15. An apparatus as defined in claim 14, further comprising an affinity flag, wherein the affinity flag is true if the number of application threads being executed by the plurality of physical processors is not greater than the number of processors.

16. An apparatus as defined in claim 14, further comprising a bit mask, wherein the bit mask is adapted to reflect the assignment of the physical processor affinity to each of the number of application threads being executed by the plurality of physical processors.

17. An apparatus as defined in claim 14, further comprising an application process state, wherein the application process state is adapted to store the assigned affinity each of the number of application threads being executed by the plurality of physical processors.

18. An apparatus as defined in claim 14, wherein each of the plurality of physical processors is an IA-32 Intel® architecture processor, and wherein each of the plurality of physical processors has two logical processors.

19. A computer-readable storage medium containing a set of instructions for a general purpose computer comprising a plurality of physical processors each physical processor comprising a plurality of logical processors, and a user interface comprising a mouse and a screen display, the set of instructions comprising:

an OpenMP runtime routine operatively associated with the plurality of physical processor to execute a plurality of application instruction threads on the plurality of logical processors, wherein each of the plurality of physical processors executes one application instruction threads if the number of application instruction threads is not greater than the number of plurality of physical processors.

20. A set of instructions as defined in claim 19, further comprising a global thread count storage routine operatively associated with the OpenMP runtime routine to store the number of application instruction threads executing on the plurality of physical processors.

21. A set of instruction as defined in claim 20, further comprising an affinity flag storage routine operatively associated with the global thread count storage routine and the OpenMP runtime routine to indicate whether the number of application instruction threads executing on the plurality of physical processors is greater than the number of physical processors.
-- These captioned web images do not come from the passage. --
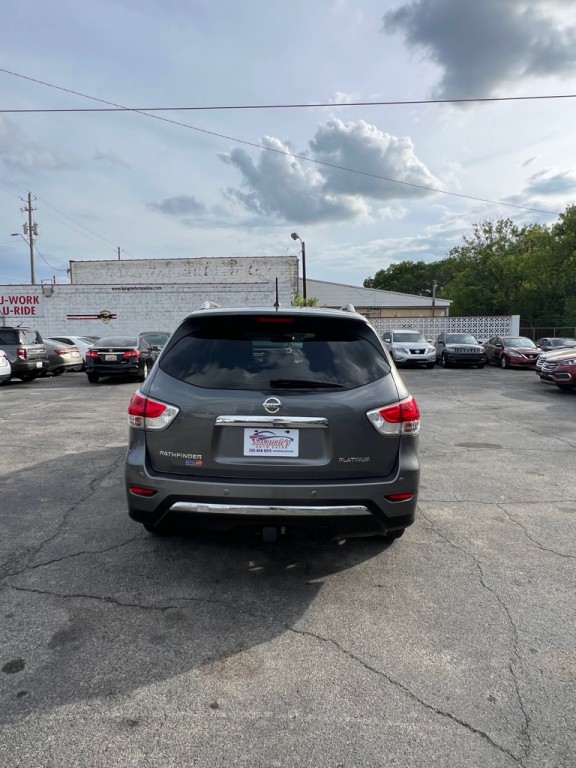 2016 Nissan Pathfinder Image 4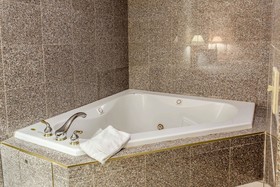 Quality Inn & Suites Lacey I-5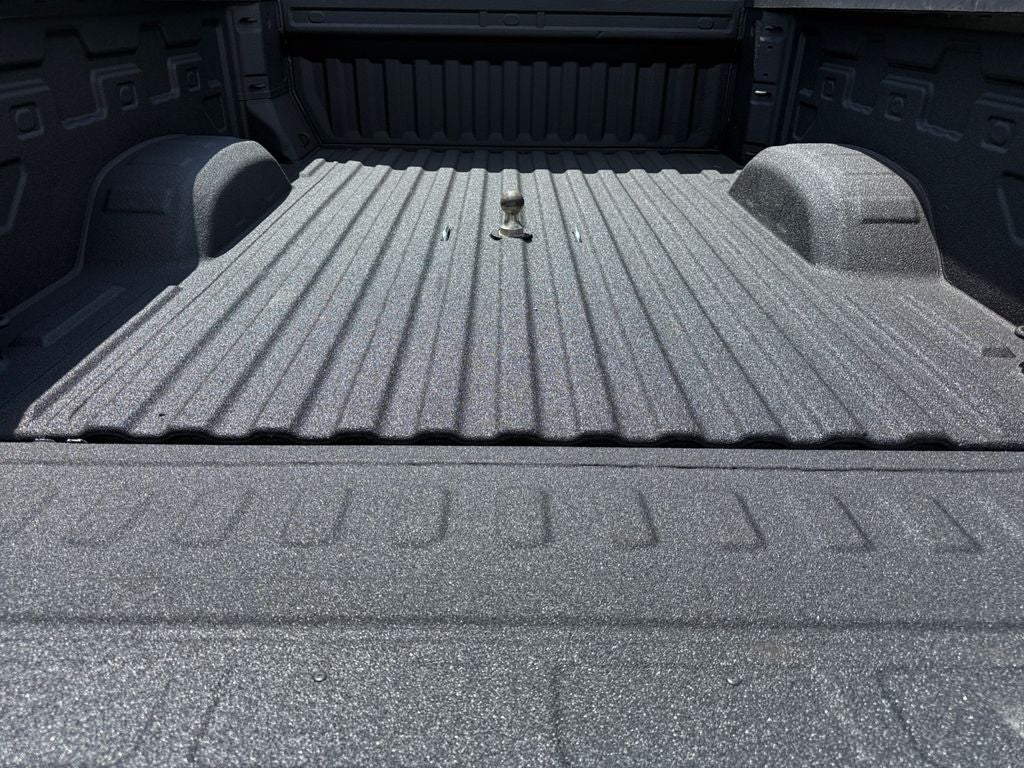 2024 Chevrolet Silverado 2500HD 4WD Crew Cab Standard Bed Custom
22. A set of instructions as defined in claim 21, further comprising an application process state storage routine operatively associated with the OpenMP runtime routine to store an indication of which of the plurality of logical processors each of the application instruction threads is executing on.

23. A set of instruction as defined in claim 22, further comprising a bit mask storage routine operatively associated with the OpenMP runtime routine to store to store an indication of which of the plurality of logical processors has at least one of the application instruction threads executing on each of the plurality of logical processors.

24. A set of instructions as defined in claim 20, further comprising a global thread count update routine operatively associated with the OpenMP runtime routine and the global thread count storage routine to update the global thread count storage routine with the number of application instruction threads executing on the plurality of physical processors.

25. An apparatus comprising:

an input device;

an output device;

a memory; and

a plurality of physical processors, each having a plurality of logical processors, the plurality of physical processors cooperating with the input device, the output device and the memory to substantially simultaneously execute a plurality of application threads on separate physical processors when the number of executing application threads is not greater than the number of physical processors.

26. An apparatus as defined in claim 25, further comprising an OpenMP runtime library executing on the plurality of processors to initiate the execution of the plurality of application threads on separate physical processors.

27. An apparatus as defined in claim 25, further comprising:

a global thread count data file stored in the memory, the global thread count data file comprising data regarding the number of the plurality of application threads executing on the physical processors.